Annual farmland continued to outperform permanent farmland. Annual farmland achieved a total return of 6.6 percent, while permanent cropping saw a return of -7.2 percent on a rolling 12-month basis.

“Permanent farmland returns continued their downward trend with a 3.17 percent fall in capital [returns] for the quarter and an annual fall of 7.51 percent. Income returns were modest for the quarter at 1.10 percent and negligible for the year at 0.16 percent,” Growth Farms said.

The firm added that both annual and permanent farmland returns should be considered in the context of total returns since the index’s inception in 2015, which sits at 11.57 percent. Growth Farms said this “highlights the commonly espoused diversifying and low correlation characteristics of farmland investments.”

ANREV also pointed to the total annualized return over the last five years, which stands at 9.88 percent, as well as returns over the last three years, which stand at 7.61 percent.

These numbers are also trending downwards, though, as the annualized return since inception stood at 13.13 percent just 12 months ago for the year ending in Q3 2022.

Growth Farms said: “The trend line of the total farmland capital growth index highlights a period of sustained capital growth and its importance to total returns. Resilience can also be built into portfolios with the low correlation between livestock, annual and permanent crop commodity prices, highlighted in this report and over time.”

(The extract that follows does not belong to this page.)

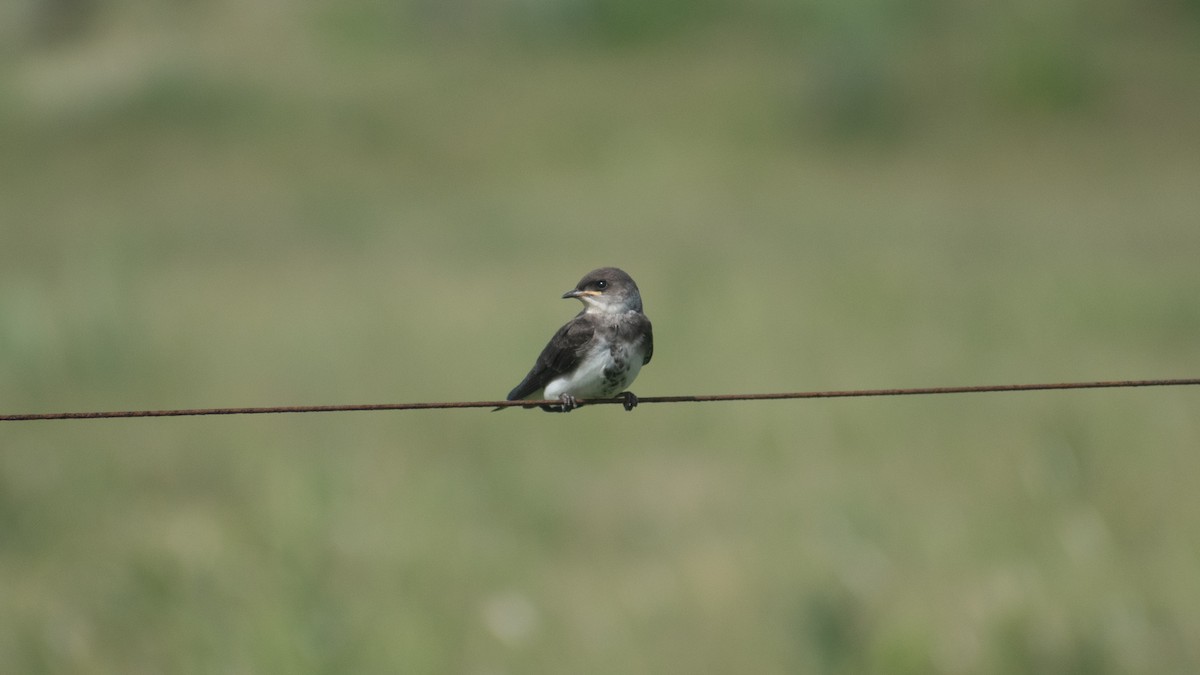 Brown-chested Martin - Ludmila Berrueta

The Australian Farmland Index is compiled by the Asian Association for Investors in Non-Listed Real Estate Vehicles (ANREV) and collates data from 62 properties with a combined market value of more than A$1.98 billion ($1.3 billion; €1.2 billion), of which 45 percent are permanent cropping assets and 55 percent are annual farmland assets. Its contributors are Argyle Capital Partners, Growth Farms Australia, Gunn Agri Partners, Manulife Investment Management Timberland and Agriculture, Riparian Capital Partners, Roc Partners and Rural Funds Management.